If you bought a DSLR with the normal kit lens, one of your first lens wishes might be a telephoto zoom for a bit longer reach. An attractive range is 70mm to 300mm, as evidenced by Canon's own three different models (along with an affordable 75-300mm lens). This page will discuss the EF 70-300mm f/4-5.6 IS USM, current retail $649.99.

First impression

There is certainly an excitement in having 300mm reach at your disposal for the first time. Whether you're a birder or out to capture other long-range critters (like sporting events), you'll probably be more interested in the 300mm part of this lens, rather than the 70mm end. But would you believe that the maximum 300mm setting may not be the best? There seems to be a "sweet spot" on the long end, beyond which you should not go. For my own specimen, I find that it helps to back it off just a bit to around 280mm.

This lens is surprisingly light and easy to carry all day (as opposed to the L series version, almost twice the weight).

Note: Canon also has the DO (diffractive optics) variant of this lens with image stabilization for $1399.00, and an L series entry at $1349.00.
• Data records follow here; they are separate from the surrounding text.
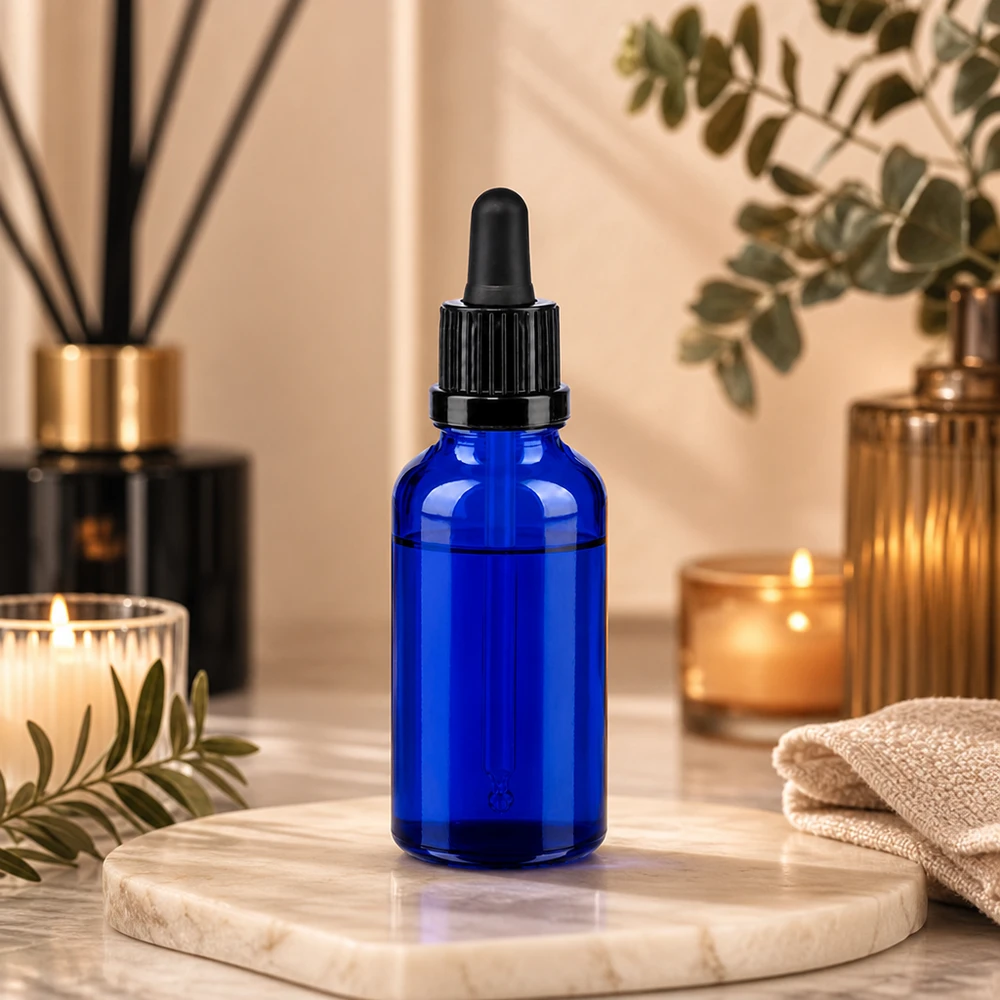 Frasco pipeta profesional BlueLine de 30 ml con protección UV gracias al vidrio azul y al tapón negro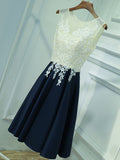 A Line Round Neck Short Lace Prom Dresses, Navy Blue Short Lace Formal Homecoming Dresses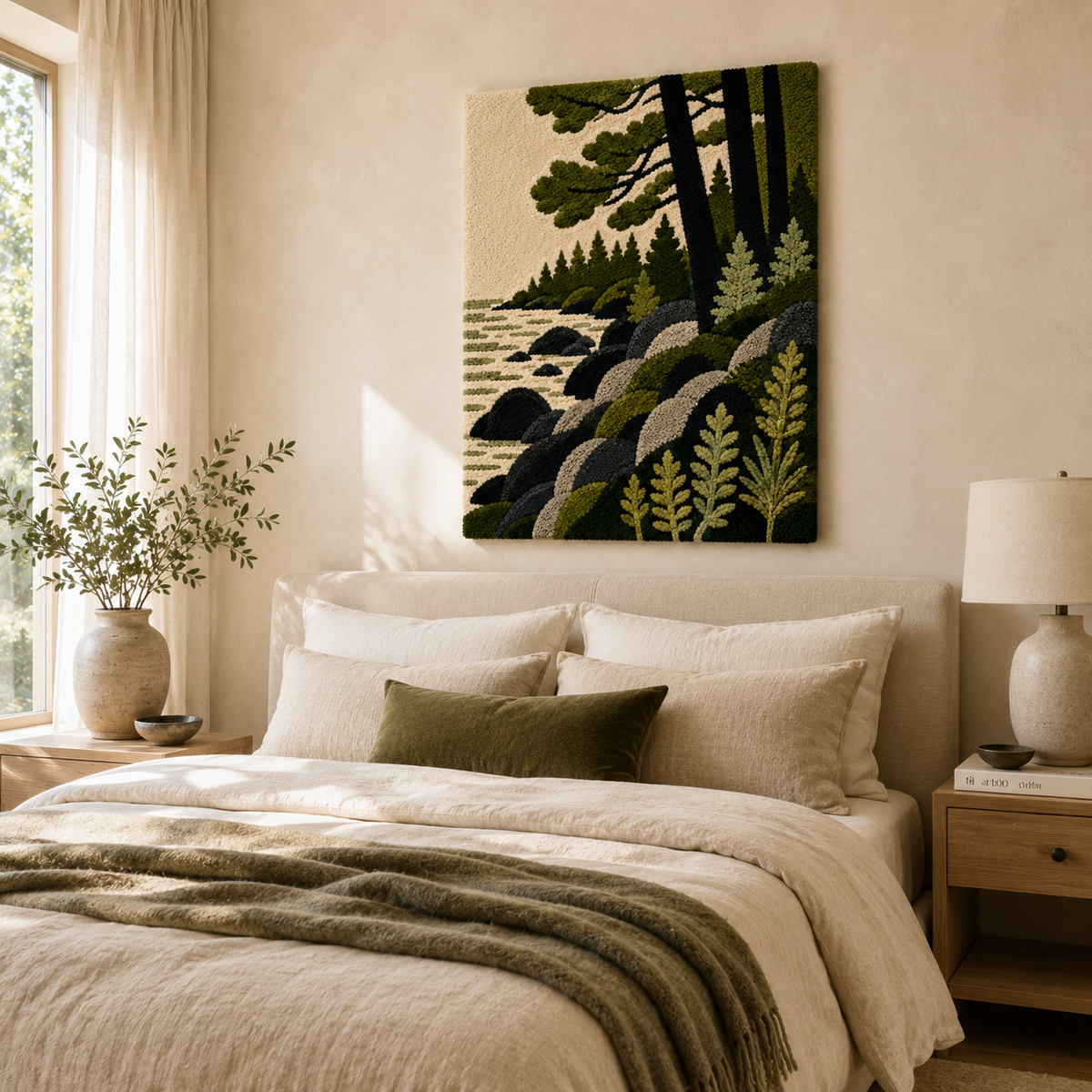 Hewn Earth Ember Quietude wall art featuring warm, abstract earthy tones displayed on a modern interior wall.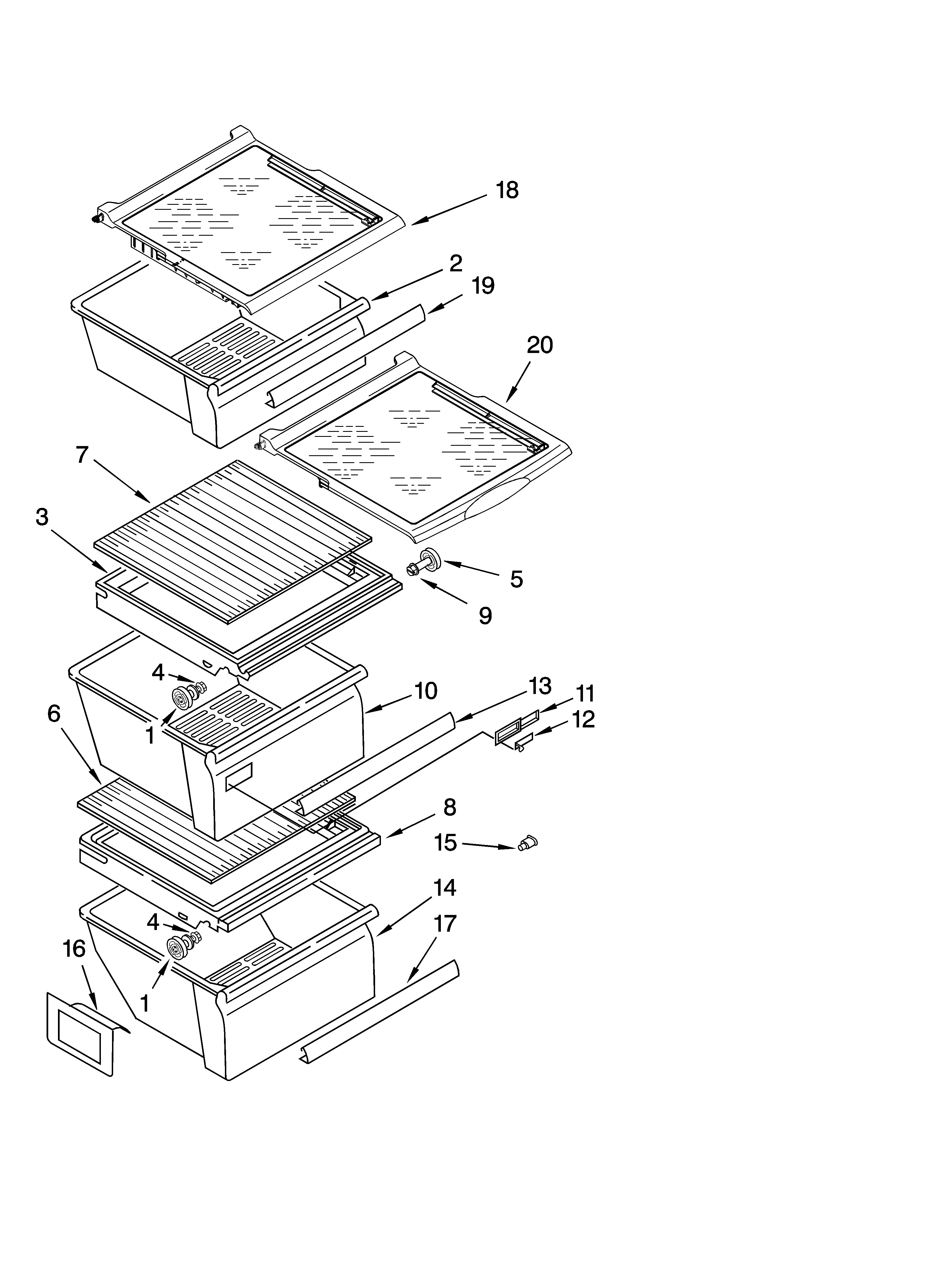 Whirlpool ED5LVAXVB01 refrigerator shelf parts diagram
This telephoto lens was the first lens that I ordered after buying the Rebel XT and 18-55mm kit lens. All of my reading suggested that this would be a fine telephoto zoom for my purposes. Then again, this lens was the reason behind my Real World Lens Tests. When I started taking photos with this lens, I was frustrated to find that I wasn't getting the beautiful, tourist-postcard images that I'd seen during my research online. It dawned on me that digital post-processing was at least as important as digital photography. The osprey sitting atop this page has been cropped, sharpened, color enhanced, with some mild manipulation in light. The bird was a good 80 feet from the camera (handheld). Still, more often than not, I would wish for more clarity, sharper details from this lens.

On the barrel are switches to choose from two stabilizer modes and to turn stabilizer on or off, a switch for auto/manual focus, and a lens lock (without which the lens slides in and out fairly easily).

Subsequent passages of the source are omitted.